I look for facts and note:
- 18% of the Professors at KTH are women, 82% are men
- 1 out of 7 Heads of Departments is a woman
- 30% of the Unit Heads and Center Directors in the faculty are women
- In the administration, over 80% are women and 17% men, and the proportion of male Managers is only 9%.
- 33% of the ITM School's new students to the Master of Science in Engineering programmes this autumn are women.
Of course, these figures say something about how much resources and influence women and men get. However, how do you get the girls to KTH? On the roll call in August, I was pleased to see many young girls who were there to study energy and sustainability, but in the line for future mechanical engineers, they were easy to count.

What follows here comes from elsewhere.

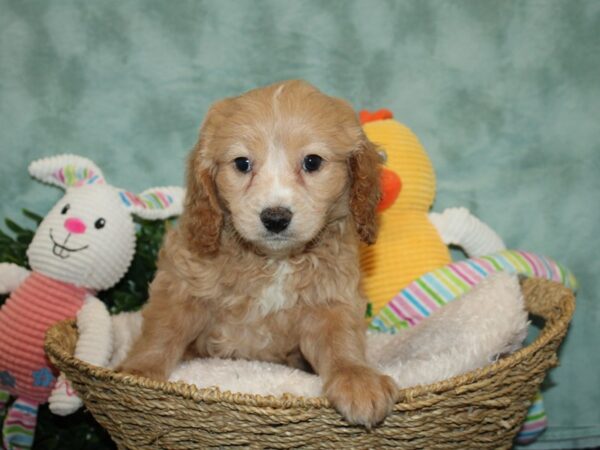 F1 Cava Poo-DOG-Male-RED-9264-Petland Dalton, Georgia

Inequalities do not automatically have to be a problem, but I believe it is special to be of minority. We have, for example, a large ethnic mix at KTH, on departments such as Materials Science and Engineering, where many of our colleagues are from a different continent. What are the conditions for minorities then? Just as it is special being the only white man on a street of Cairo, it can be special to be the only woman in the room or the only dark-skinned person or the only person under the age of 50. We cannot escape it.

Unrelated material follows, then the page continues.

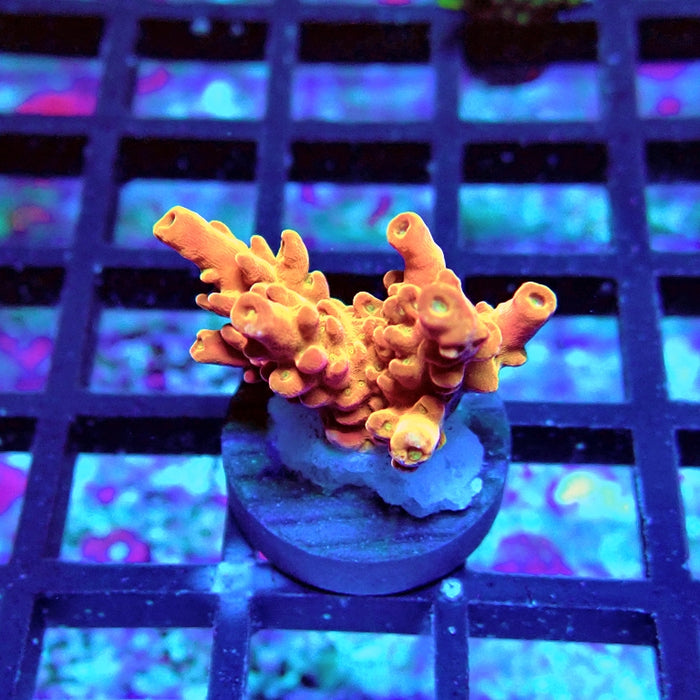 Acro Frag Aquaculture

It is time for the JML group meeting.
"A problem for female professors is that they have to be part of so many committees," says one participant. “Often the committees have a goal of a 50/50 distribution between the sexes, but that is not the distribution among the professors. The result is that the women have to spend a lot of time in these meetings, which of course can affect their main work. ”

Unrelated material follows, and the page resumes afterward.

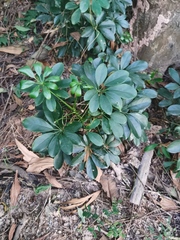 Heptapleurum arboricola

It is a bit like this with JML matters. Some are obvious, but many are diffuse and usually consist of a number of fragmentary observations that are difficult to measure and point out. Sometimes it is about structures and sometimes about what is deeply rooted in the organisation - the culture. The culture that characterizes coffee rooms, meetings and conversations between colleagues.
I remember once when my communications colleague (female) returned from a meeting and in a dull voice said: “I don’t understand what happened. I was invited to a meeting with a group of researchers. But at the round when everyone got to say a few words about themselves and their work, they skipped me. And I said nothing. I was just completely stunned and felt stupid. ”
Another woman who had just received her professorship said a few years ago: “Finally! It's unbelievable how long it has taken me to get this appointment. It feels like I have been much more inspected and had to work much harder than my male colleagues do. ” The professor's words have followed me and I cannot really get rid of them.
I don’t know what it looks like at all departments of the ITM School, but I know that I will do my best not to be trapped in prejudice. Step one was to join the JML group that just started, to learn more and contribute with hands-on solutions.
Step two was to show ITM's web editors how to avoid prejudices and clichés in pictures.
Now I think about whether I can get the girls to change roles with the caretaker boys at the next photo shoot of the service center.